Revision as of 13:37, 9 July 2007

File:A South Coast Road.jpg
A south coast road (1951) by Lloyd Rees, painted at Werri beach

Lloyd Frederic Rees (March 17, 1895December 2, 1988) was an Australian landscape painter, and won the Wynne Prize for his landscape paintings twice (1950 and 1982). Most of his works are preoccupied with depicting the effects of light, and emphasis is placed on the harmony between man and nature. Rees' oeuvre is dominated by sketches and paintings, in which the most frequent subject is the built environment in the landscape.

Life and training

Rees was born in Brisbane, Queensland, the seventh of eight children of Owen and Angéle Rees.[1] After formal art training, he commenced work as a commercial artist in 1917.

As well as winning the Wynne Prize on two occasions, Rees won the Commonwealth Jubilee Art Prize in 1957, the McCaughey Prize in 1971, and was in 1988 named as one of the Australian Bicentennial Authority's Two hundred people who made Australia great.

Rees had an unsuccessful engagement to sculptor Daphne Mayo, broken off in 1925. He married Dulcie Metcalf in 1926, however in 1927 Dulcie died in childbirth, Rees married again in 1931, to Marjory Pollard, mother to his son Alan.[2] Rees' wife died on 14 April 1988 and, on 2 December that same year, Rees passed away.[3]

Following Rees' death, Alan Rees and his wife Jancis gave to the Art Gallery of NSW all of Rees' surviving sketchbooks.[4]

Rees in Europe

Rees first travelled to Europe in the 1920s, to meet with his fiancée Daphne Mayo, and made sketches, including many of Paris which were left accidentally on a bus in London at that time.[5] While some of his works - and indeed his betrothal to Mayo - were lost, his connection with the landscapes of town and country France and Italy was to last a lifetime. Rees visited Europe again in 1953, 1959, 1966-67 and 1973, painting and sketching on all of his journeys.[6]

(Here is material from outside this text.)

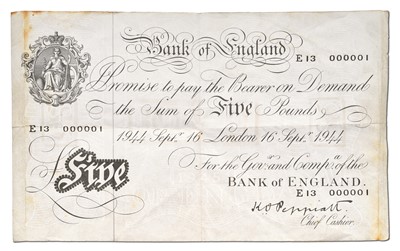 Lot Bank of England, Five Pounds, No. 1 Serial...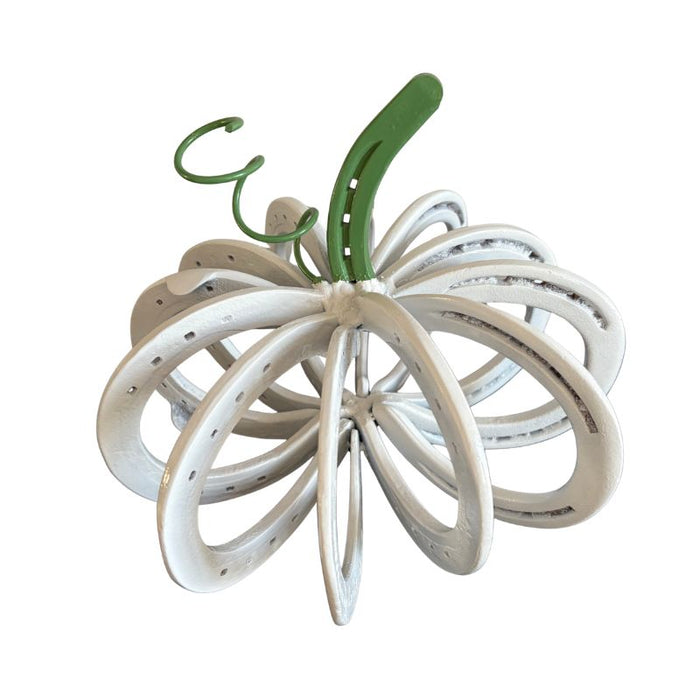 White Horseshoe Pumpkin – Handcrafted Metal Fall Decor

The sketchbooks are now held by the Art Gallery of NSW, comprising approximately 700 images in pencil, carbon pencil, wash, watercolour and ballpoint pen.[7] They reveal a capacity to characterise the texture and light of landscapes in these brief media - concerns that are equally evident in his paintings throught his career.

Rees' late works

Rees painted right up to his death, by which time he was in his nineties. His works of the last one to two decades in particular showed a preoccupation with the spiritual dimension of the relationship with and portrayal of the landscape, and this became the focus of the final book prepared in cooperation with the author Renée Free: Lloyd Rees: the last twenty years. His late works show an abstraction of form and a focus on the source and effects of light on the landscape, such as in his work The Sunlit Tower, painted when he was ninety-one years old, and winner of the Jack Manton Prize for 1987 (a prize awarded by the Queensland Art Gallery).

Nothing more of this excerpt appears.